Generalized Transfer Matrix States from Artificial Neural Networks

TL;DR

This paper introduces generalized transfer matrix states (GTMS), a new neural network-based quantum state family that unifies tensor networks and deep ANNs, capable of capturing complex quantum correlations and entanglement.

Contribution

The paper proposes GTMS, a novel class of states bridging tensor networks and deep ANNs, with analytical computability and enhanced ability to model long-range entanglement.

Findings

GTMS can embed matrix product states and capture long-range correlations.

GTMS networks can exhibit volume-law entanglement scaling.

GTMS effectively parametrizes critical quantum ground states.

Abstract

Identifying variational wave functions that efficiently parametrize the physically relevant states in the exponentially large Hilbert space is one of the key tasks towards solving the quantum many-body problem. Powerful tools in this context such as tensor network states have recently been complemented by states derived from artificial neural networks (ANNs). Here, we propose and investigate a new family of quantum states, coined generalized transfer matrix states (GTMS), which bridges between the two mentioned approaches in the framework of deep ANNs.
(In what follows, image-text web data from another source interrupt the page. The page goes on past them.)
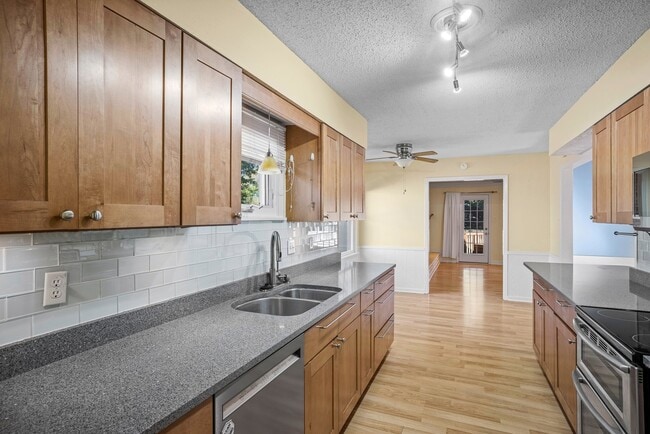 Photo - 8044 Neshoba Rd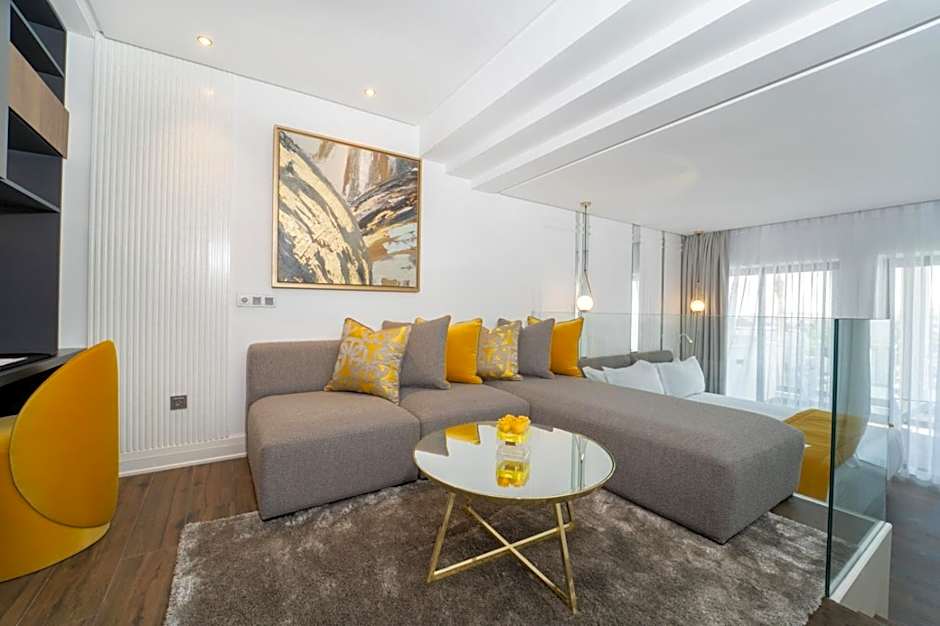 Petit Palace Suites Hotel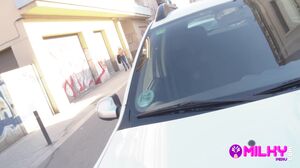 Fue un día difícil para tener sexo, pero apareció una hermosa rubia tetona y la convencí de ir a mi departamento - Carla Boom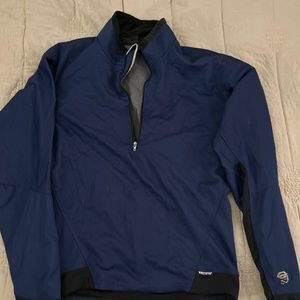Mountain Hardwear WindStopper top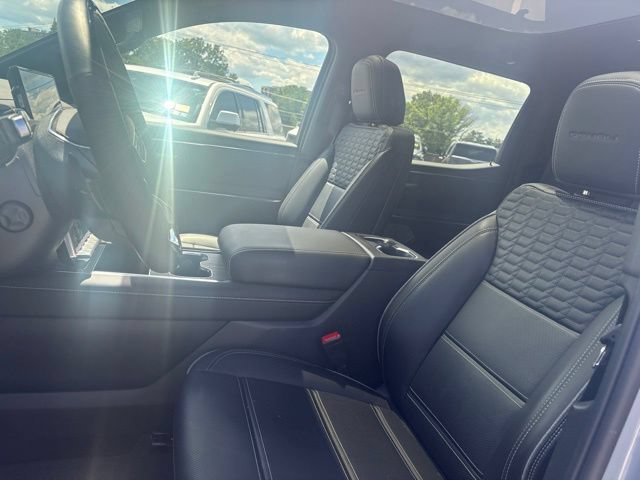 Used 2026 GMC Sierra EV Denali AWD/4WD image 3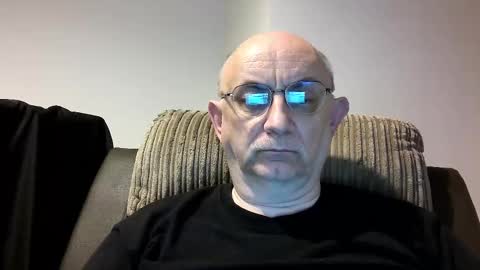 Snapshot of grey_dom chatting on December 3, 10:51 pm Master Sir online show from December 3, 10:51 pm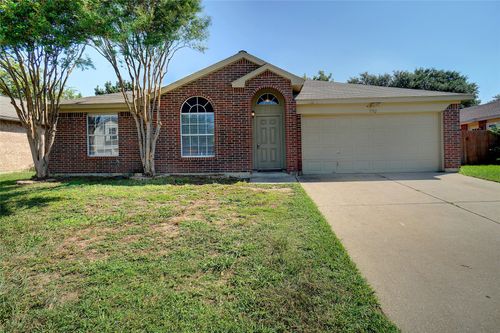 7732 Kelly Lynn Ln, Watauga, TX, 76148-2429 | Card Image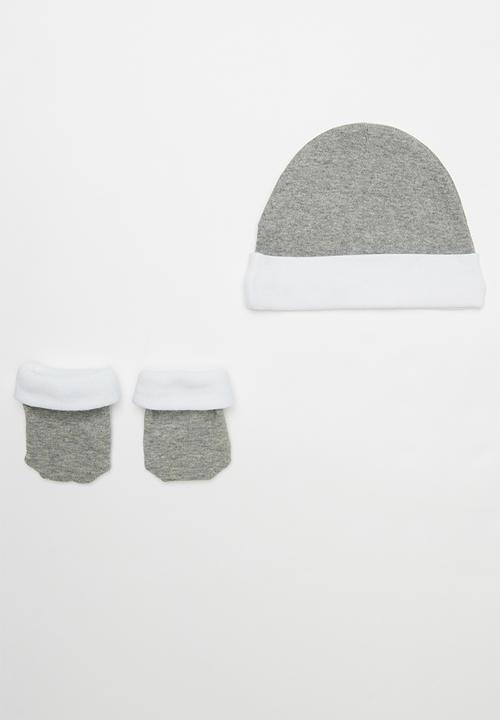 Nike - Futura hat and bootie - grey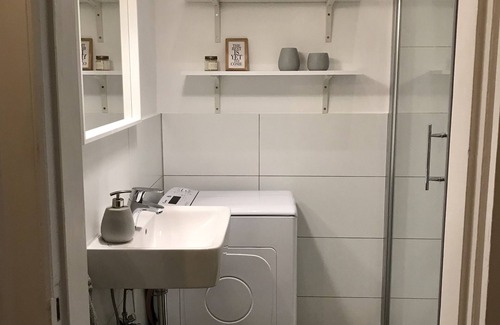 Saint Georg Apartment | Newly renovated luxury old building apartment centrally at Hamburg Central Station - St. Georg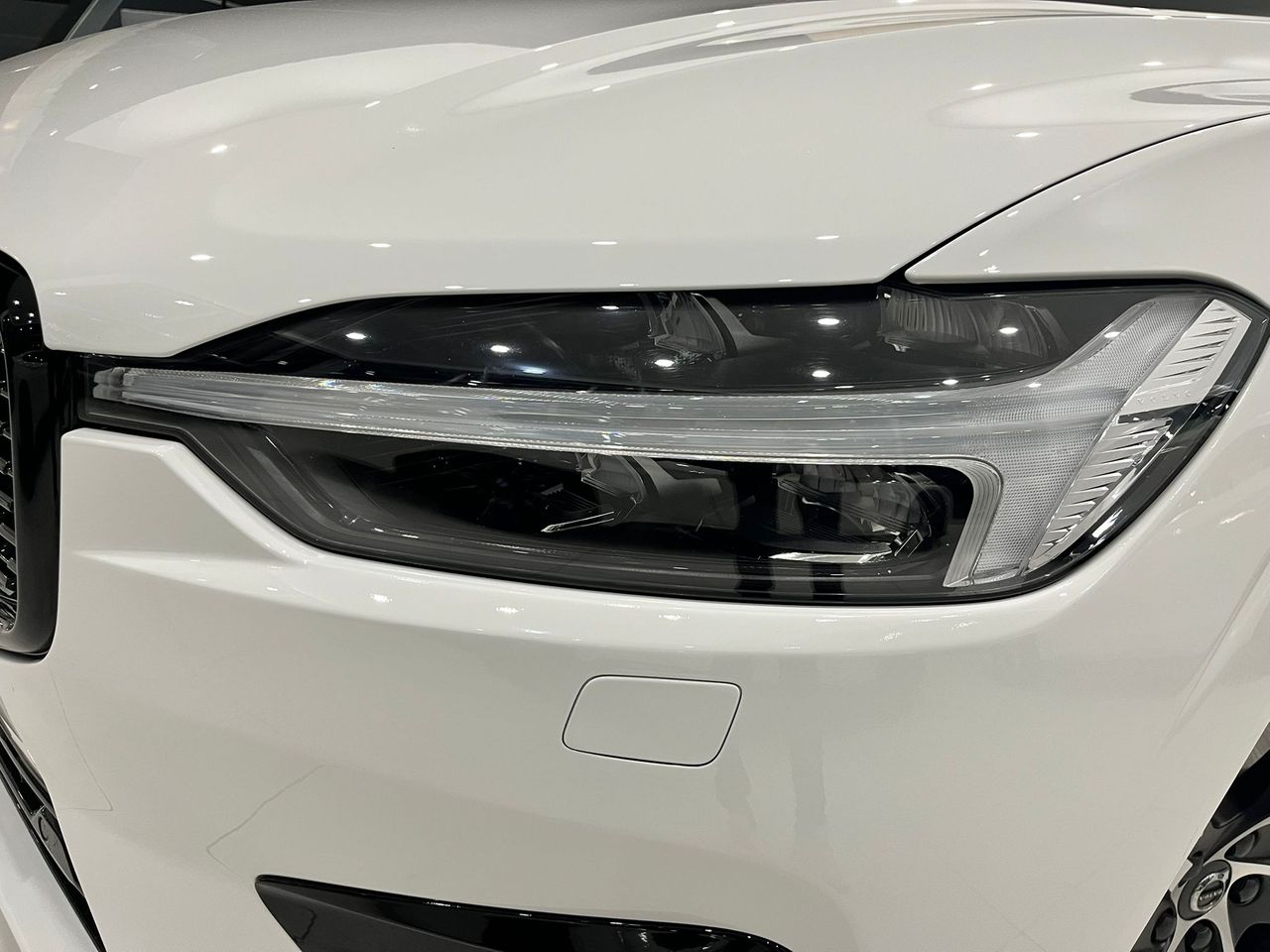 Volvo XC60 2.0 B4 D AWD R-Design Auto - foto 11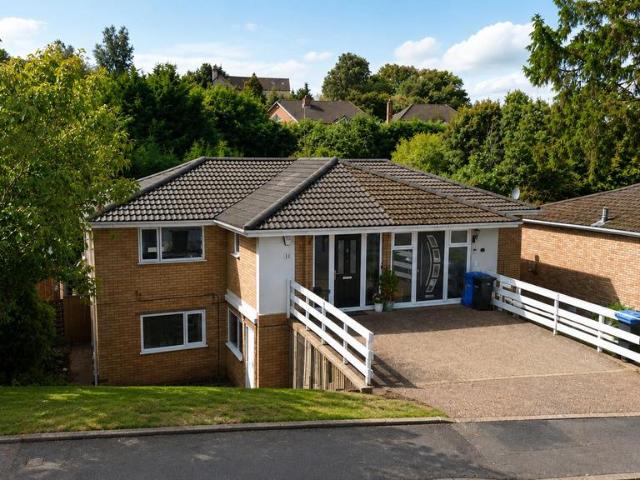 House for sale in Stourbridge, West Midlands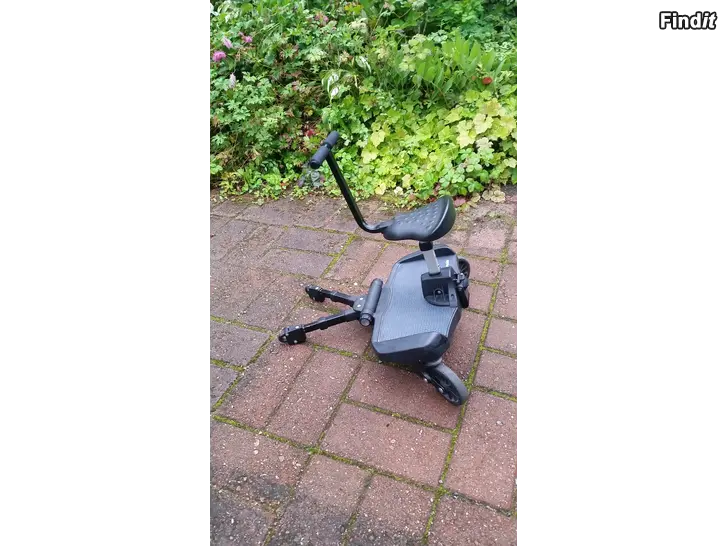 Myydään Bumprider seisomalauta ja istuin -hinta 45e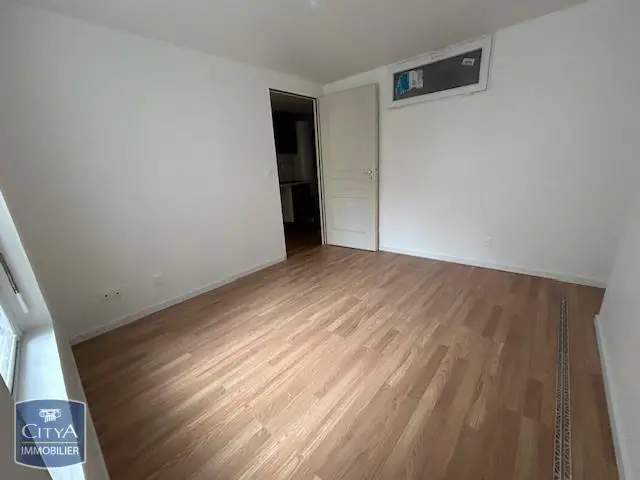 Photo 8 Appartement 1 pièce 9.86m²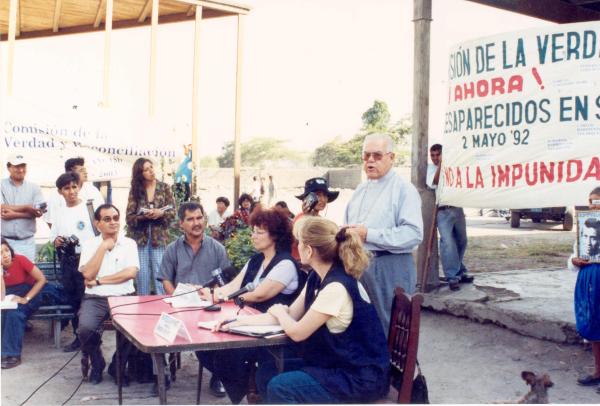 Reunión de los comisionados con autoridades locales, eclesiásticas y pobladores de Santa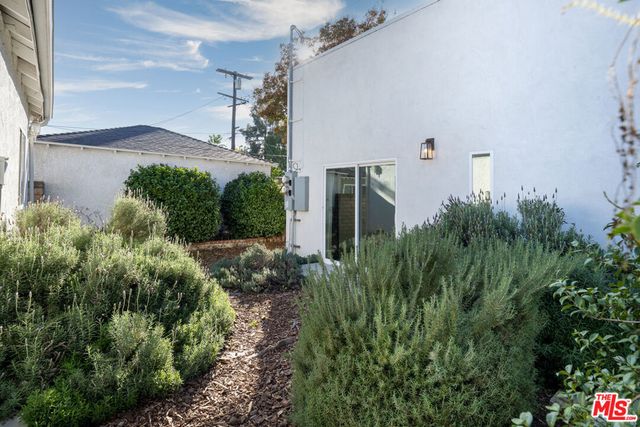 6461 Whitman Avenue, Lake Balboa, CA 91406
In particular, we show by means of a constructive embedding that the class of GTMS contains generic matrix product states while at the same time being capable of capturing more long-ranged quantum correlations that go beyond the area-law entanglement properties of tensor networks. While the state amplitude of generic deep ANNs cannot be exactly evaluated, that of a GTMS network can be analytically computed using transfer matrix methods. With numerical simulations, we demonstrate how the GTMS network learns random matrix product states in a supervised learning scheme, and how augmenting the network by long-ranged couplings leads to the onset of volume-law entanglement scaling. By means of an explicit example using variational Monte Carlo, we also show that GTMS can parametrize critical quantum many-body ground states to a good accuracy. Our findings suggest that GTMS are a promising candidate for the study of critical and dynamical quantum many-body systems.